» **SUPPLIED INFORMATION**:
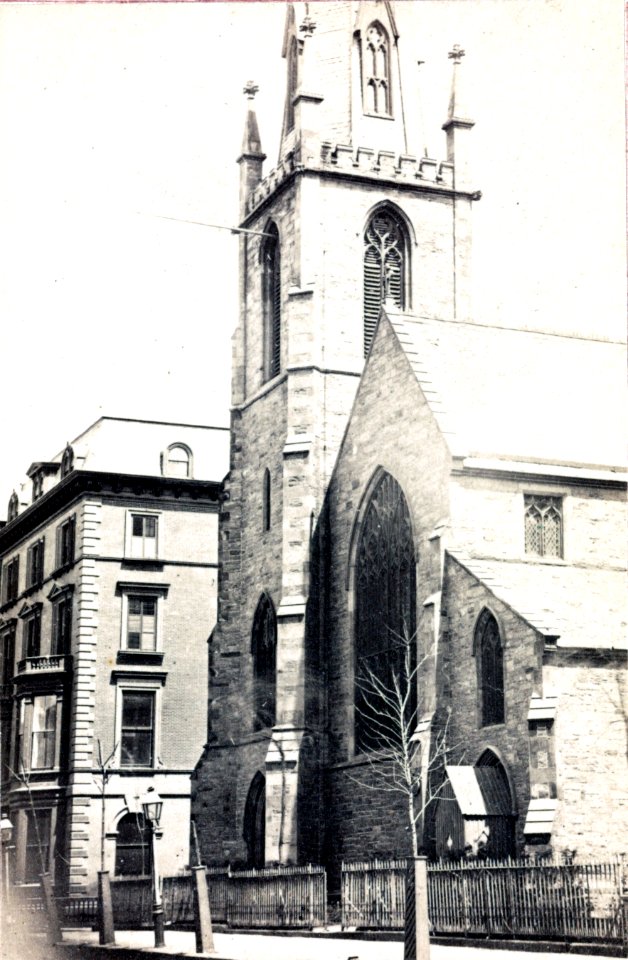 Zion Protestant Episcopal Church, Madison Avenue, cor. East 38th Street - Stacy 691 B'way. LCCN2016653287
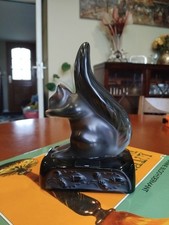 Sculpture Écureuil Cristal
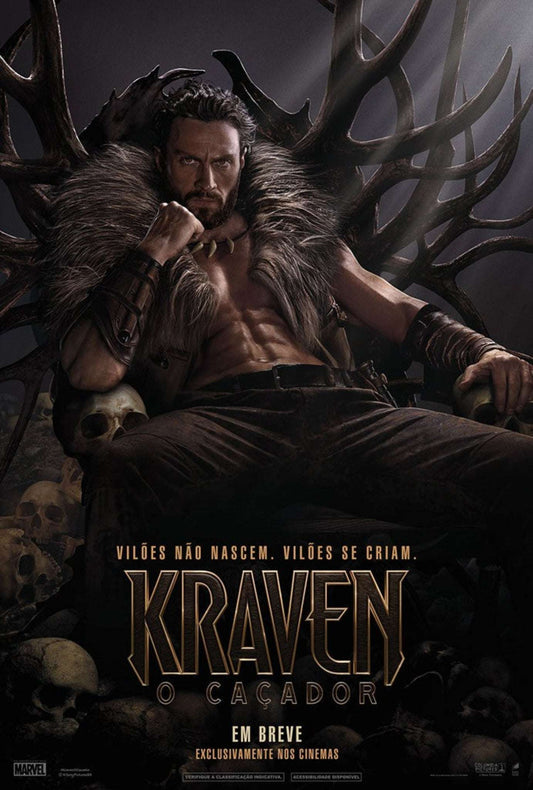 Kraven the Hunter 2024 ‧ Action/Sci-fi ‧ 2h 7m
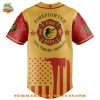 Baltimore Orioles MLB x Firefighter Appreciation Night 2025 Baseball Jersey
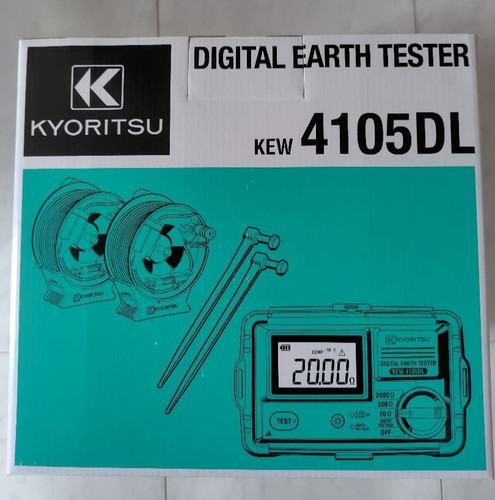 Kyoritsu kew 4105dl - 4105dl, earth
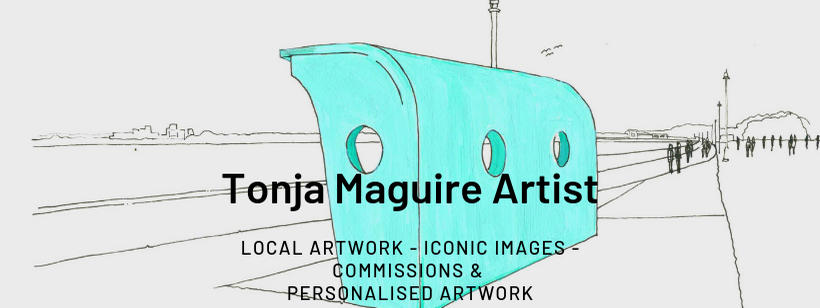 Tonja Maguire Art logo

» **TASK TO CARRY OUT**:
Please retype only the lines from the line that holds "Kyoritsu kew 4105dl - 4105dl, earth" through the end of the records, exactly as they stand, and drop every picture.

» **SOLUTION**:
 Kyoritsu kew 4105dl - 4105dl, earth
 Tonja Maguire Art logo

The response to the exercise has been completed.